Up until about 6 months ago, spatial data manipulation in R was kind of a mess. It was slow, fragmented into different packages, and completely outclassed by PostGIS and geopandas. That all seems to have changed with the release of sf, which uses the simple features access model while providing PostGIS-like spatial manipulation functions and geopandas-like spatial dataframes. In other words, it’s awesome.

I wanted a project to test out sf and the newly-released version of gganimate. I use a lot of transit and driving data for work, so I figured it might be fun to try to visualize a GTFS feed. A GTFS feed contains all the scheduling data for a city’s transit system, as well as stop locations, the shape of each train or bus line, and a bunch of other stuff. The goal is to make an animation which emulates the style of the game Mini Metro, with distinct, brightly colored train lines and little trains running on them. The challenge is to do it using only R, no PostGIS or Python allowed.

Setup

First we need to load the relevant libraries. Be sure to grab all of these from GitHub, the versions on CRAN are outdated and won’t work with this script.

library(imputeTS)
library(ggplot2)
library(gganimate)
library(gtfsr)
library(sf)

Getting The Data

Next we need to get a GTFS feed. I chose Chicago’s feed, but any feed should work with this script given a little tweaking. GTFS feeds are always zipped, per the standard, and there’s no need to unzip them. The gtfsr package will extract the GTFS feed into individual dataframes.

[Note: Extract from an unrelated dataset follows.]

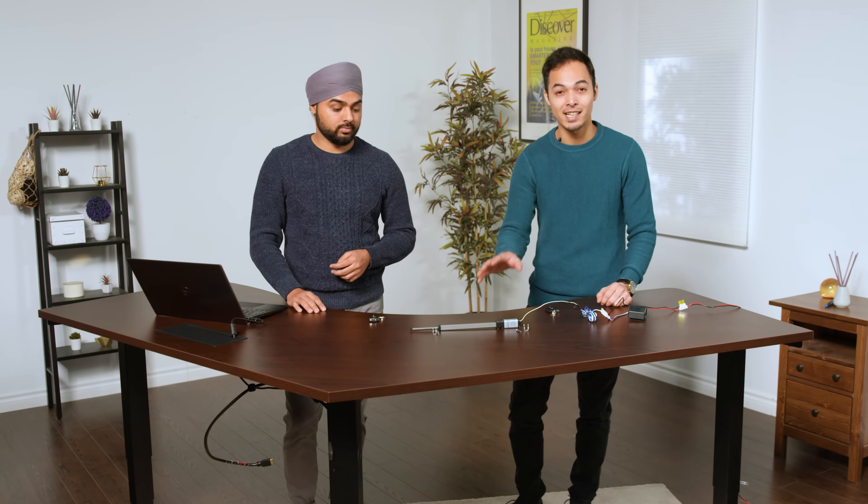Hi there and welcome to another Progressive Automations overview video. This video we're going to showcase one of our micro size linear actuators, the PA07.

url <- "http://www.transitchicago.com/downloads/sch_data/google_transit.zip"
download.file(url, "gtfs.zip")

gtfs <- import_gtfs("gtfs.zip", local = TRUE)

We need a temporary dataframe of only the train route IDs. We could also include buses here, but it would up the complexity a fair bit.

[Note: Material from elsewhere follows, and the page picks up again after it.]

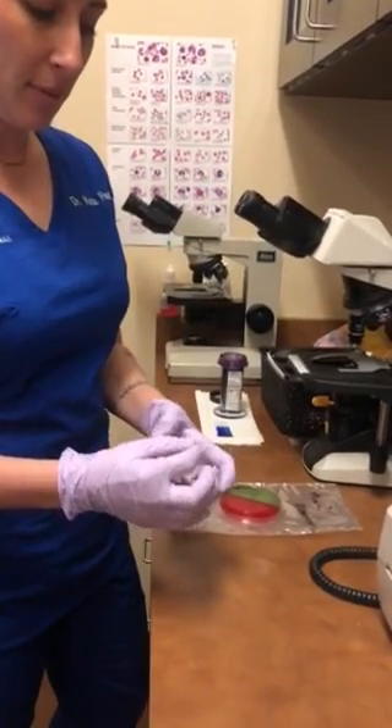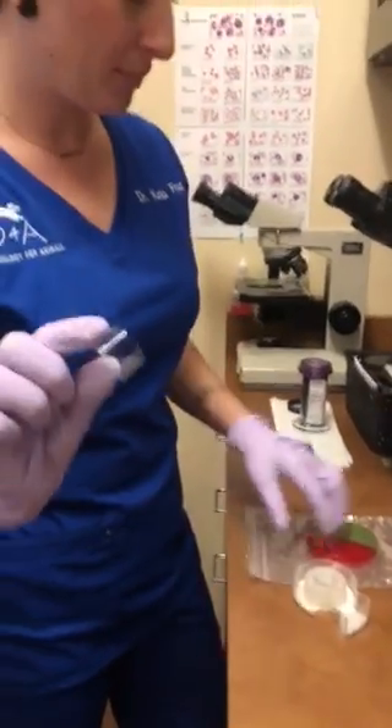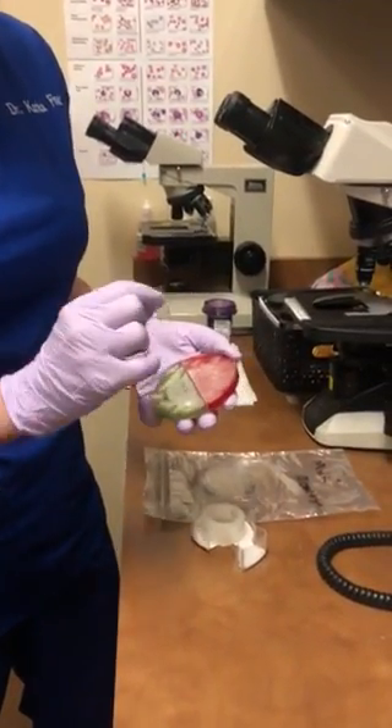Take a piece of tape, sticky side down, and just make a little loop like that. Then look in your colony plate and pick a colony to press the tape to.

temp_df <- gtfs[["routes_df"]] %>%
  filter(route_type == 1) %>%
  select(route_id, route_long_name, route_color)

Creating Static Spatial Geometries

Next we need to create dataframes of the static geometries for lines and stops. To do so, we essentially need to aggregate all of the individual points that make up a line, order them, then convert them to an sf linestring.

lines_df <- temp_df %>%
  inner_join(gtfs$trips_df, by = "route_id") %>%
  distinct(route_id, shape_id) %>%
  left_join(gtfs$shapes_df, by = "shape_id") %>%
  st_as_sf(coords = c("shape_pt_lon", "shape_pt_lat"), crs = 4326) %>%
  group_by(shape_id) %>%
  summarize(do_union = FALSE) %>%
  st_cast("LINESTRING") %>%
  left_join(gtfs$trips_df, by = "shape_id") %>%
  group_by(route_id) %>%
  summarize() %>% 
  left_join(temp_df, by = "route_id") %>%
  mutate(route_color = paste0("#", route_color))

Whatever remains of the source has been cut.